Faculty of Chemical Engineering and Technology, Department of Organic Chemistry, University of Zagreb, Marulićev trg 20, P.O. Box 177, HR-10000 Zagreb, Croatia.
Eur J Med Chem. 2013 Jan;59:111-9. doi: 10.1016/j.ejmech.2012.11.009. Epub 2012 Nov 16.
In this manuscript the synthesis and biological activity of novel heterocyclic derivatives of benzofuran-2-carboxamides 3a-j and 6a-f is presented. Biological evaluation in vitro revealed that only few compounds exerted concentration-depended antiproliferative effects on tumour cell lines at micromolar concentrations. In particular, 2-imidazolynyl substituted compound 6f showed selectivity on SK-BR-3 cell line while 2-N-acetamidopyridyl substituted 3h and 2-imidazolynyl substituted amide 3i showed selective concentration-dependent antiproliferative effects on SW620 cell line. Compounds 3h and 6f induced apoptosis while compound 3i acted through a cell death mechanism other than apoptosis.

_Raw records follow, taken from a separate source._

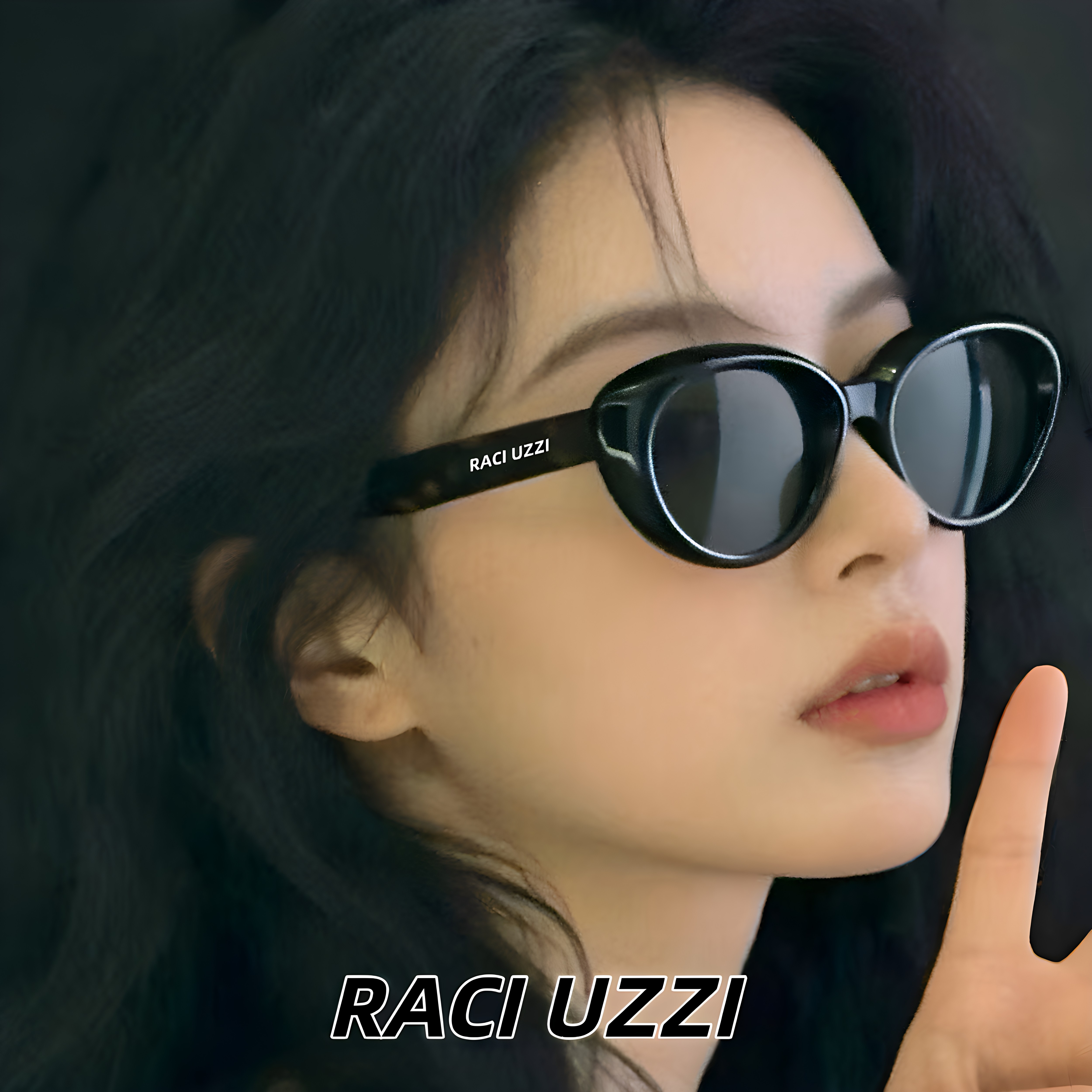 娜扎同款猫眼椭圆防晒墨镜女近视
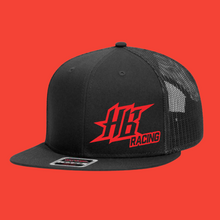 Load image into Gallery viewer, Custom Ball Cap, Color Matching Sponsor Ball Cap HTV - HB Racing Hat-D-n-R Design

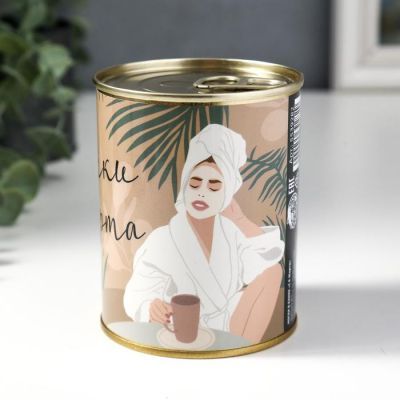 Носки в банке "Носочки с 8 марта"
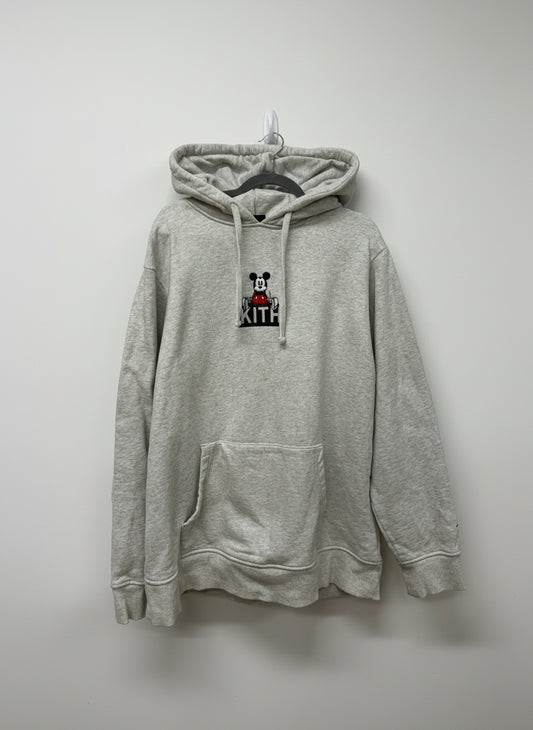 Kith x Disney Sitting Classic Logo Mickey Hoodie - Gently Worn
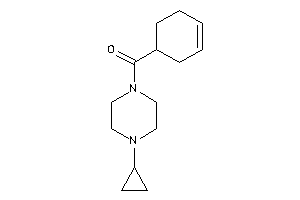 Cyclohex-3-en-1-yl-(4-cyclopropylpiperazino)methanone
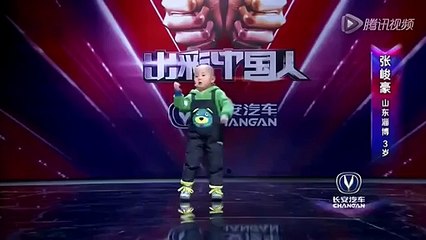 Adorable 3 year old boy dancing
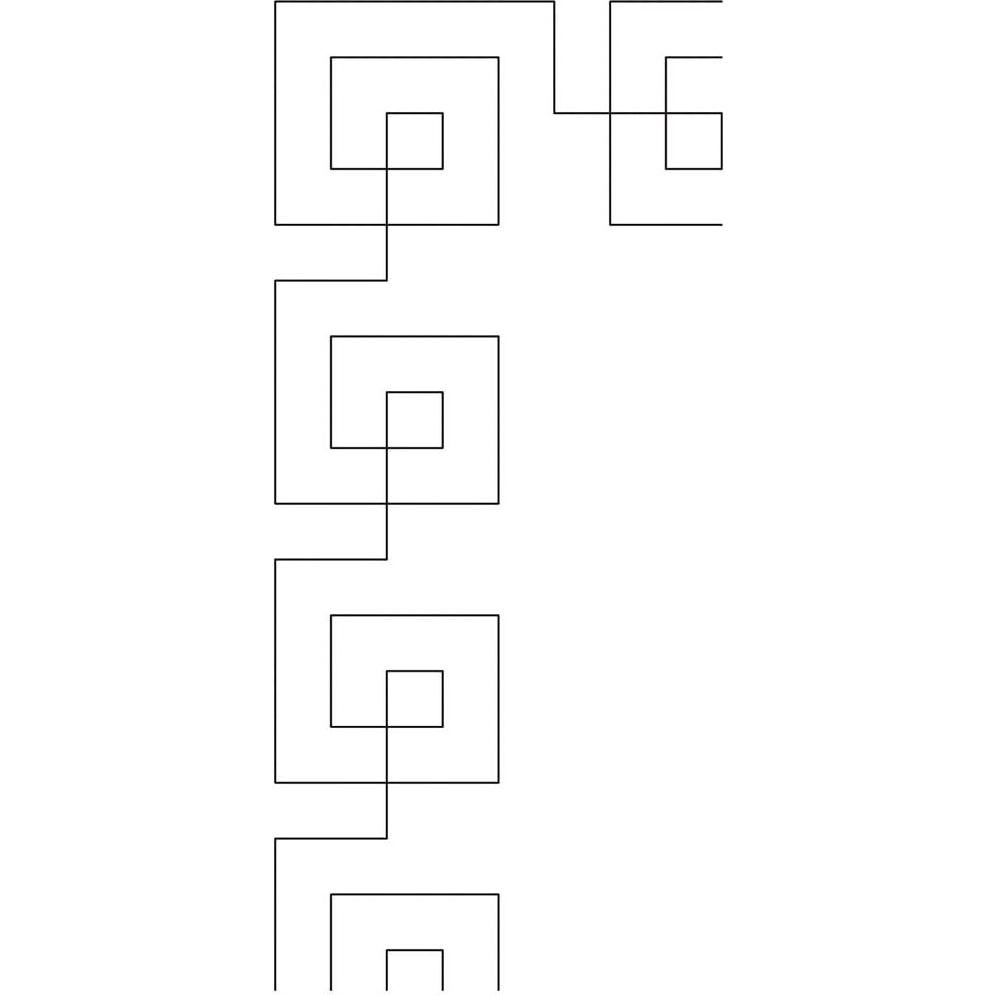 Juego de 3 Plantillas de Acolchado Geométrico - 7.62 cm y 3.81 cm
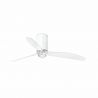 Lustra cu Ventilator si telecomanda MINI TUBE M LED alb/transparent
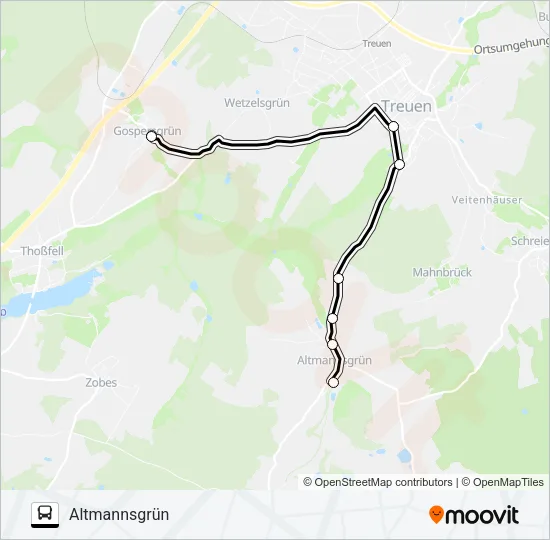 73 Bus Line Map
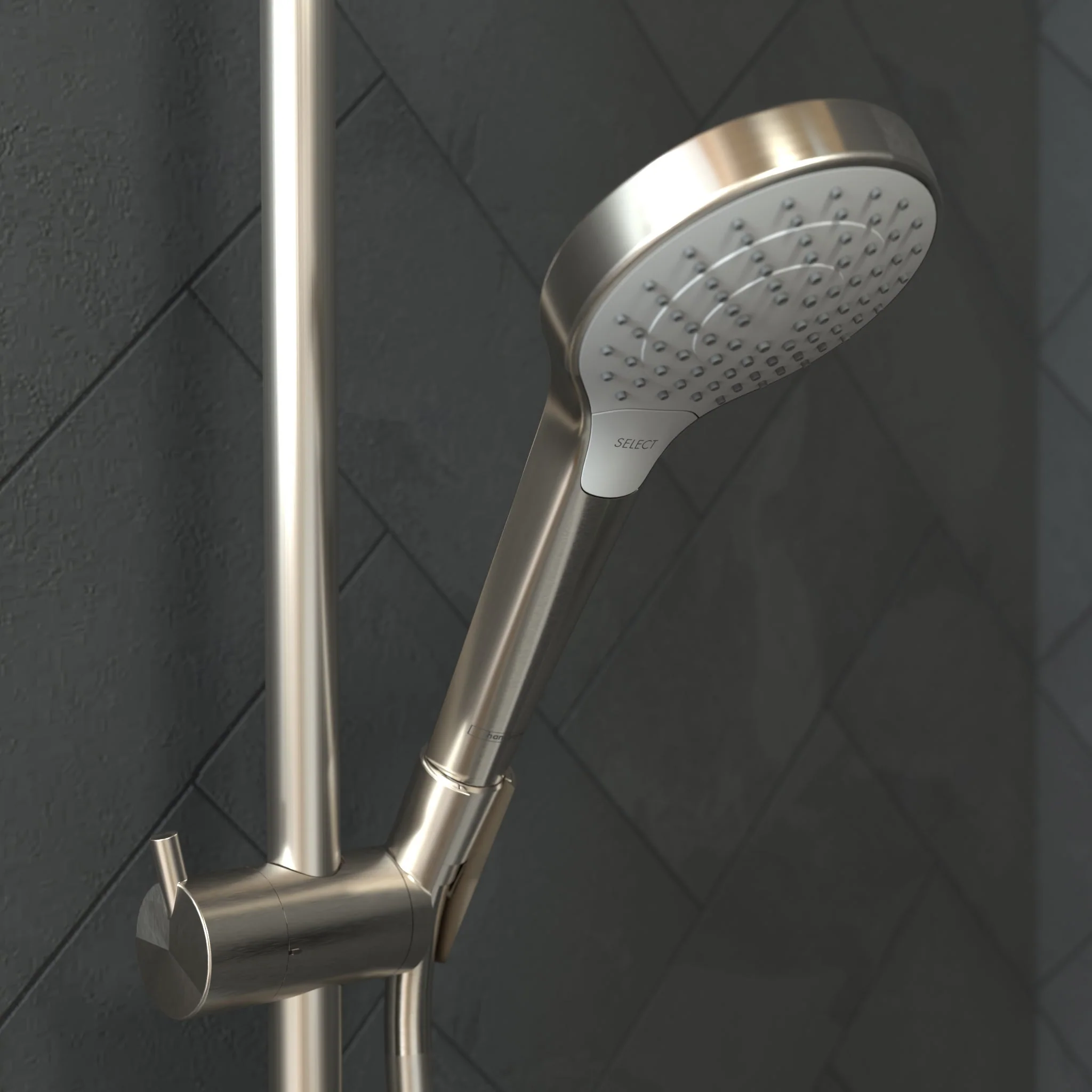 hansgrohe 26803401 Croma Select S 2.5 GPM Vario-Function Handshower with Select and Quick Clean Technologies in Chrome/White - Image 4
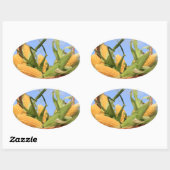 Autocollant d'épi de maïs (Feuille)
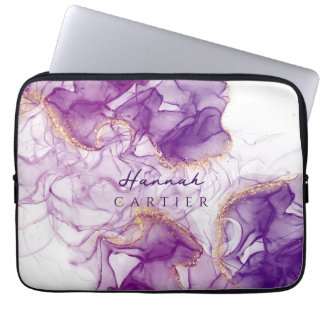 Capa Para Notebook Real Ametist GoldGlitter Aquecível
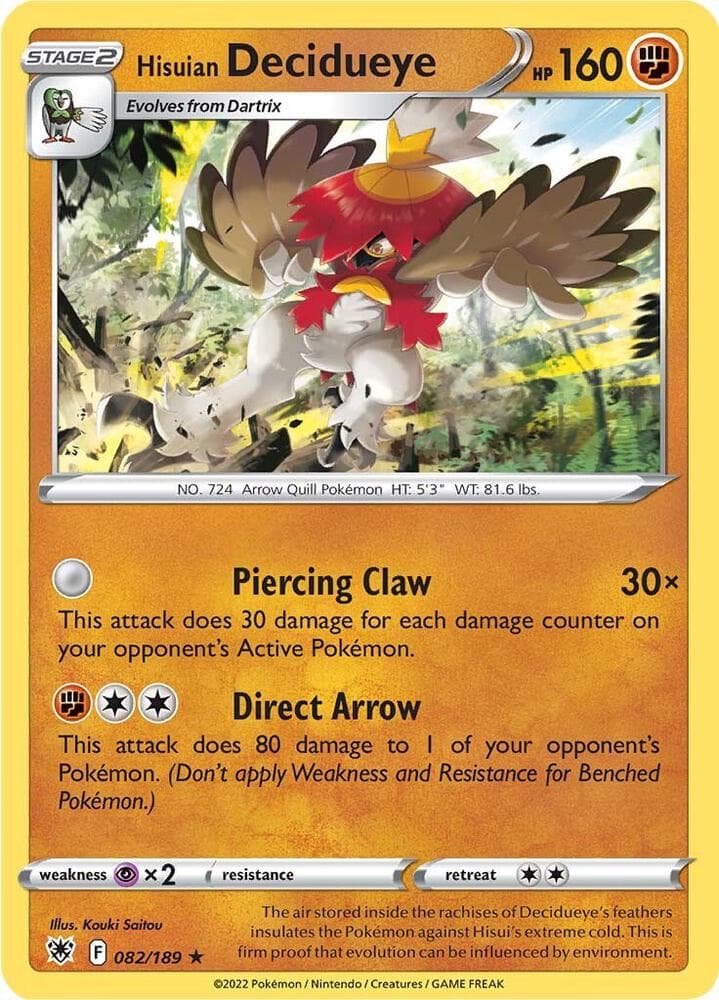 Hisuian Decidueye Stage 2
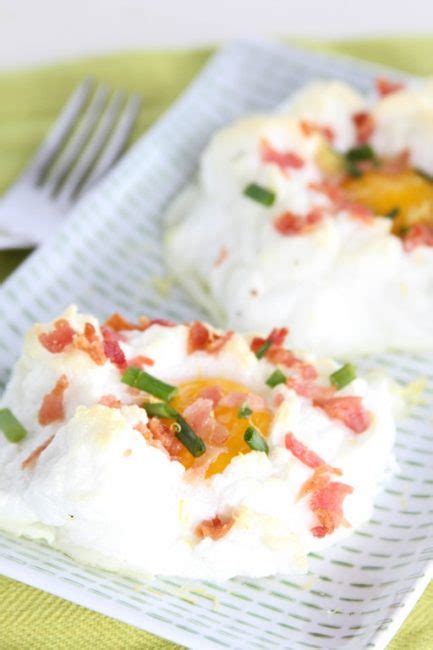 Fluffy Eggs with Bacon and Chives - Doughmesstic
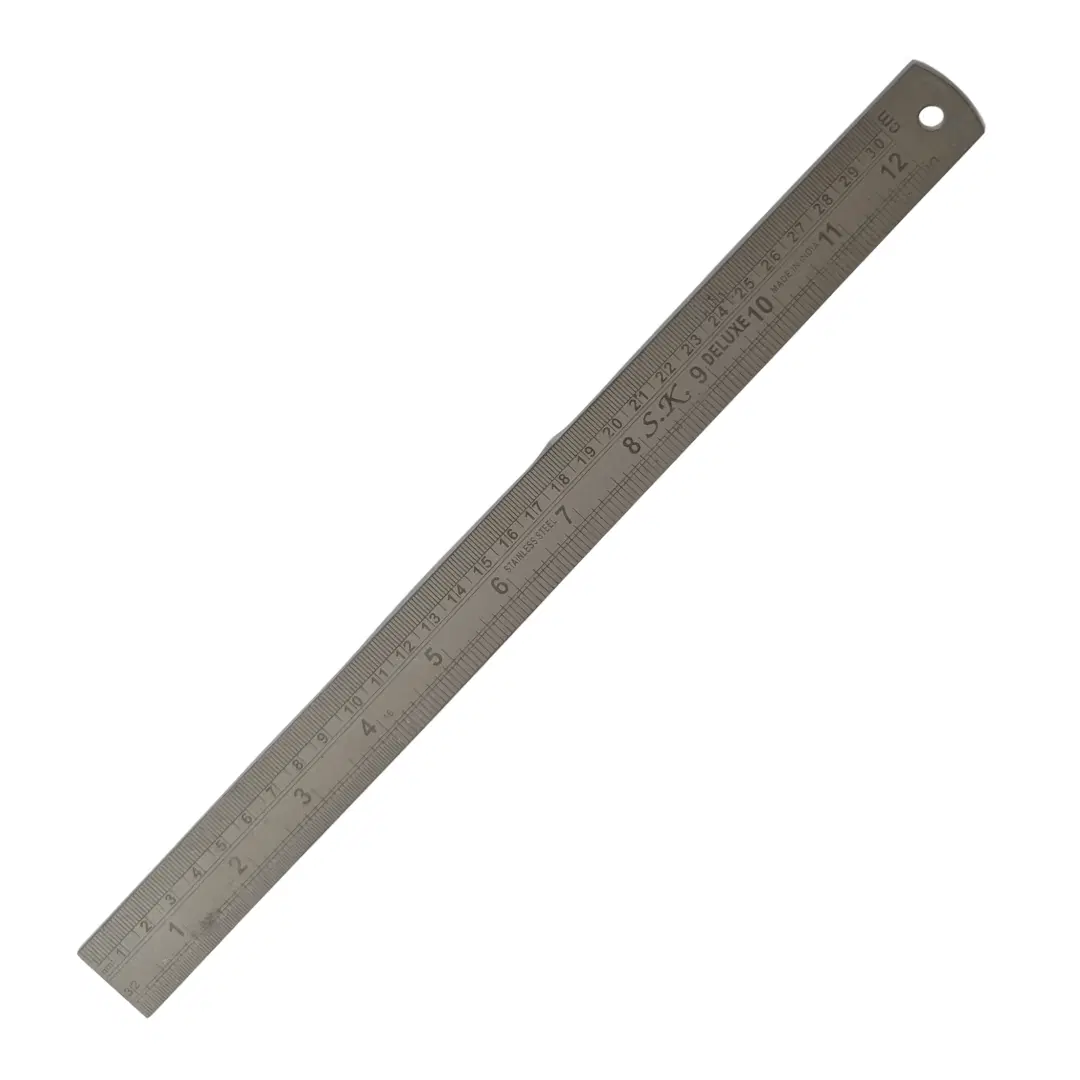 SK Deluxe Steel Scale 30cm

本文介绍了苯并呋喃-2-甲酰胺 3a-j 和 6a-f 的新型杂环衍生物的合成和生物活性。体外生物评价表明,只有少数化合物在微摩尔浓度下对肿瘤细胞系表现出浓度依赖性的抗增殖作用。特别是,2-咪唑啉基取代化合物 6f 对 SK-BR-3 细胞系具有选择性,而 2-N-乙酰氨基吡啶基取代的 3h 和 2-咪唑啉基取代的酰胺 3i 对 SW620 细胞系表现出选择性浓度依赖性的抗增殖作用。化合物 3h 和 6f 诱导细胞凋亡,而化合物 3i 通过不同于凋亡的细胞死亡机制起作用。